▸ Goal of the exercise
Transcribe everything in the records exactly. Skip the images.

^^^^^^^^

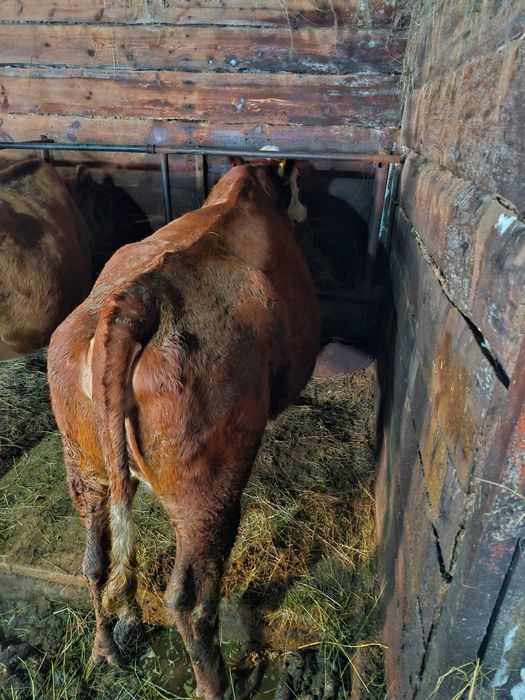 Продам коров , на мясо.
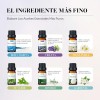 Kaisasa Kit De 12 Aceites Esenciales Aromaterapia Natural Estilo B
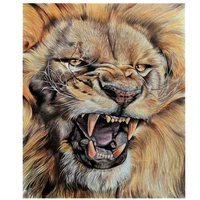 full squareround drill 5d diy diamond painting lion face 3d diamond embroidery animals cross stitch home decor gift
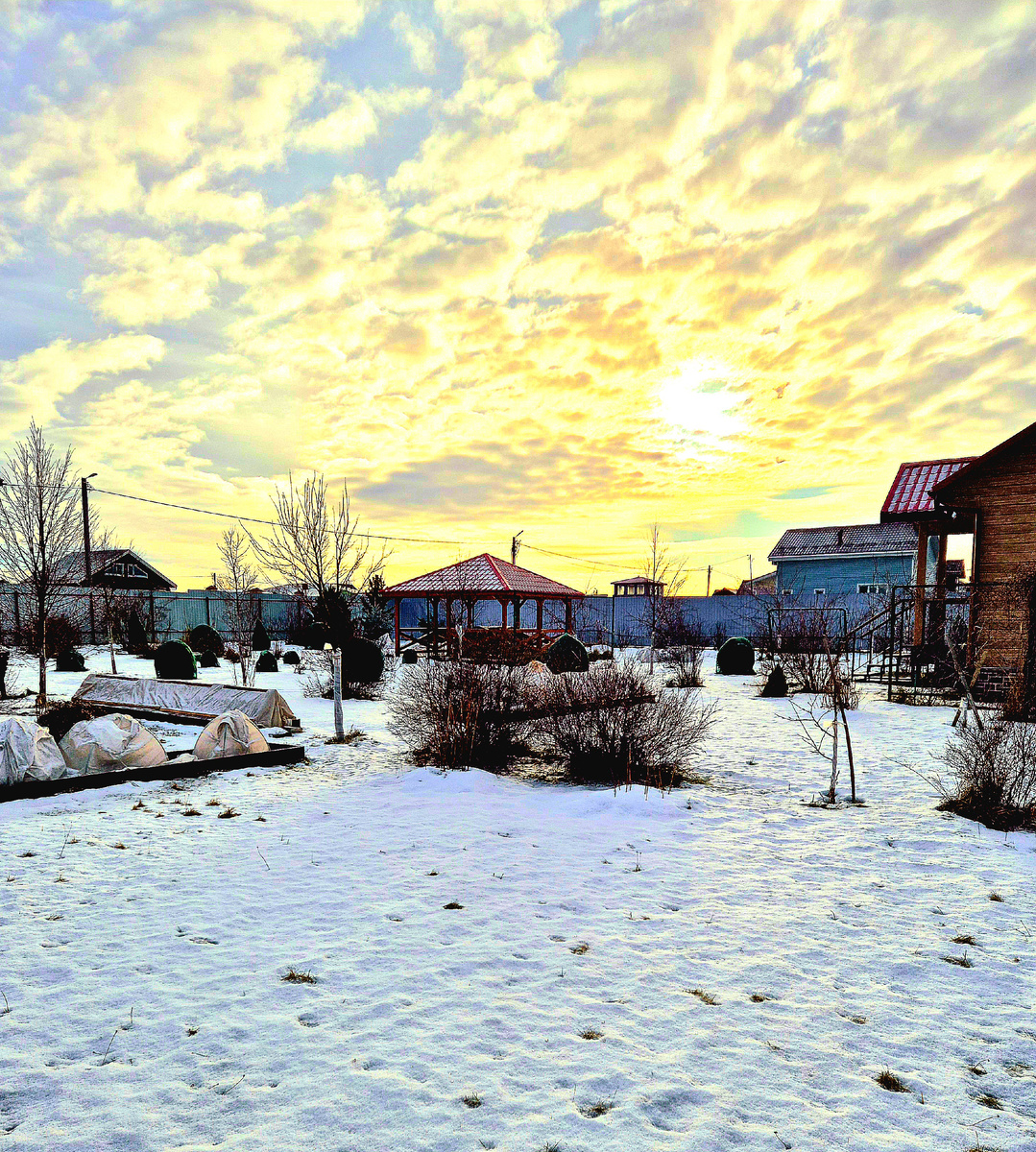 Середина января. 2025 год. Снежный покров совсем хилый, а к выходным еще стает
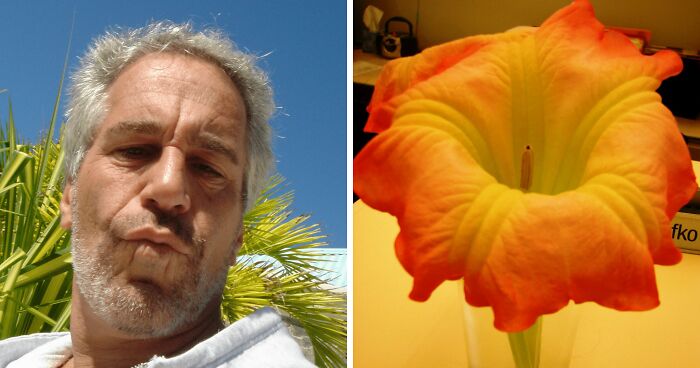 New Epstein Emails Reveal Horrifying Plants He Grew And How He May Have Used Them On Victims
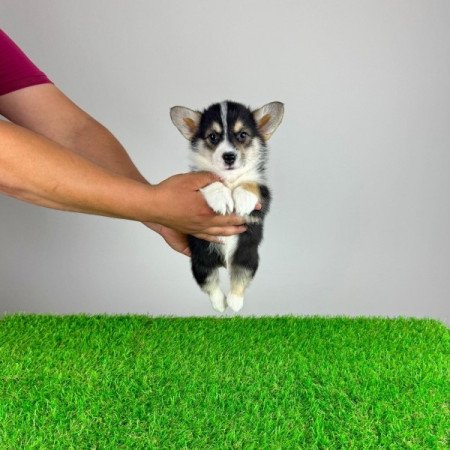 Pembroke Welsh Corgi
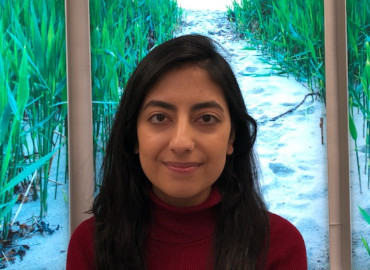 Nahid Osmai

^^^^^^^^

▸ Response to the exercise
 Продам коров , на мясо.
 Kaisasa Kit De 12 Aceites Esenciales Aromaterapia Natural Estilo B
 full squareround drill 5d diy diamond painting lion face 3d diamond embroidery animals cross stitch home decor gift
 Середина января. 2025 год. Снежный покров совсем хилый, а к выходным еще стает
 New Epstein Emails Reveal Horrifying Plants He Grew And How He May Have Used Them On Victims
 Pembroke Welsh Corgi
 Nahid Osmai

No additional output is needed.